Aside from Dubro and Walegrin, whose relationship to her was defined in ways other than friendship, there was only one to whom Illyra could bare her soul: Molin Torchholder. And it was a sorry state when a god- less S'danzo claimed counsel with a Rankan priest.

At that moment, however, Illyra wore her isolation like armor and strode by the stairway that would have taken her to Molin's cluttered suite. She had her destination clearly in mind; a sheltered cloister that caught the sun without the chill wind. A place certain to have flowers even this late in the year.
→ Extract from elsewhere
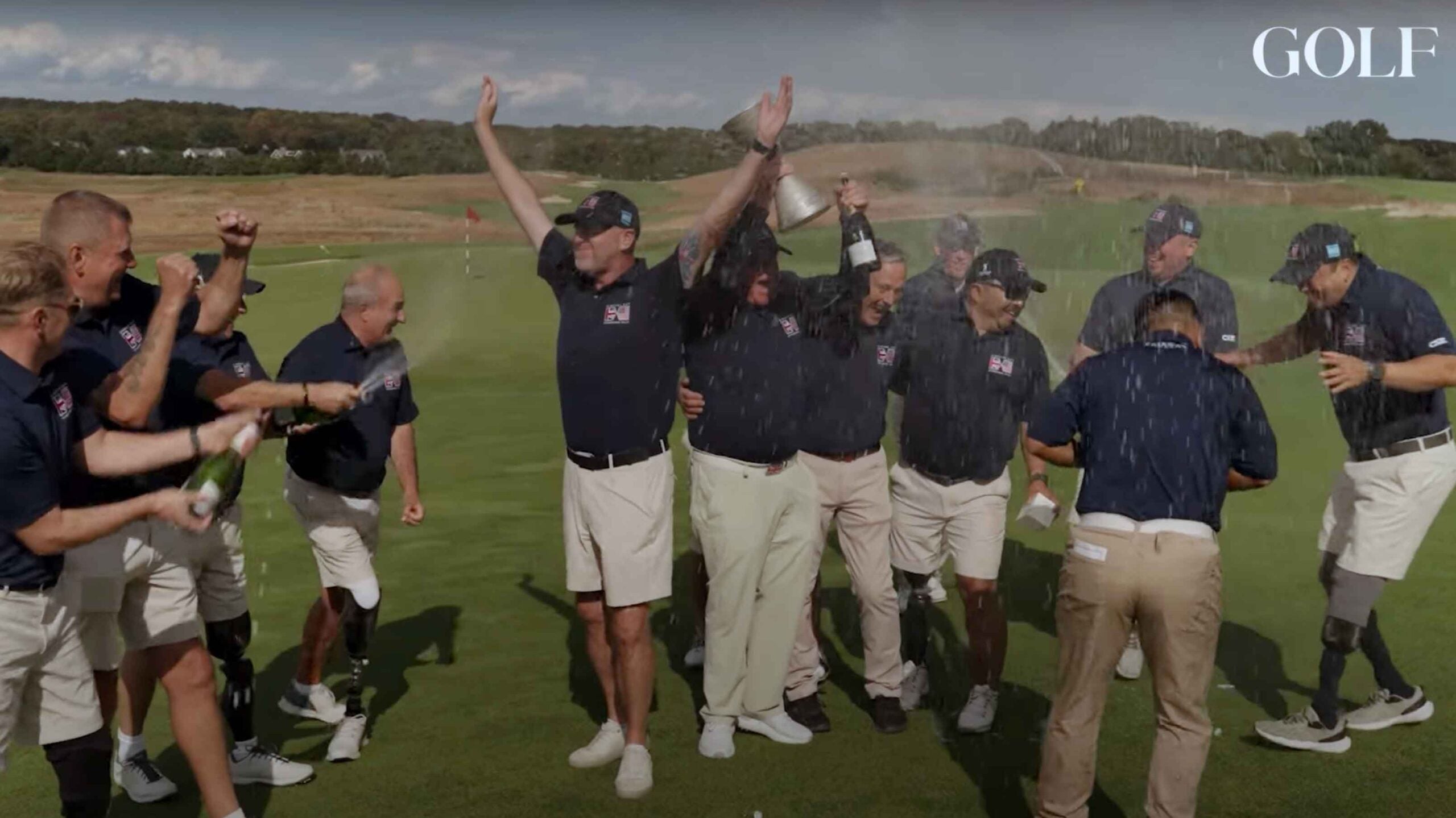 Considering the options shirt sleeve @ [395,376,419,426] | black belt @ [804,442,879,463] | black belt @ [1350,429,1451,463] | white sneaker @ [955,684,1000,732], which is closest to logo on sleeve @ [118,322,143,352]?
shirt sleeve @ [395,376,419,426]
The little courtyard was empty-deserted for considerable time and given over to weeds. Two hardy roses held onto brown-edged blooms, their scent all the stronger for the frost that had doomed them. The rest was yellow-top, white lace, and, in the most sheltered comer, a patch of fiery demons-eyes. Illyra was grateful she had no allergies as she gathered an armful of the blooms and settled onto a sunlit stone bench to weave them into a garland. She'd learned the flower braiding in a vision once. Her mother had certainly never taught her, nor Dubro, nor Moonflower, who'd told her what she'd needed to know about womanhood and her gift. She'd learned other things as well: bits of song and poetry, snippets of lovemaking, tricks for killing with a knife or sword. She knew too much to be just one person-and she'd loved Lillis because she yearned to share herself with someone, anyone, who would understand.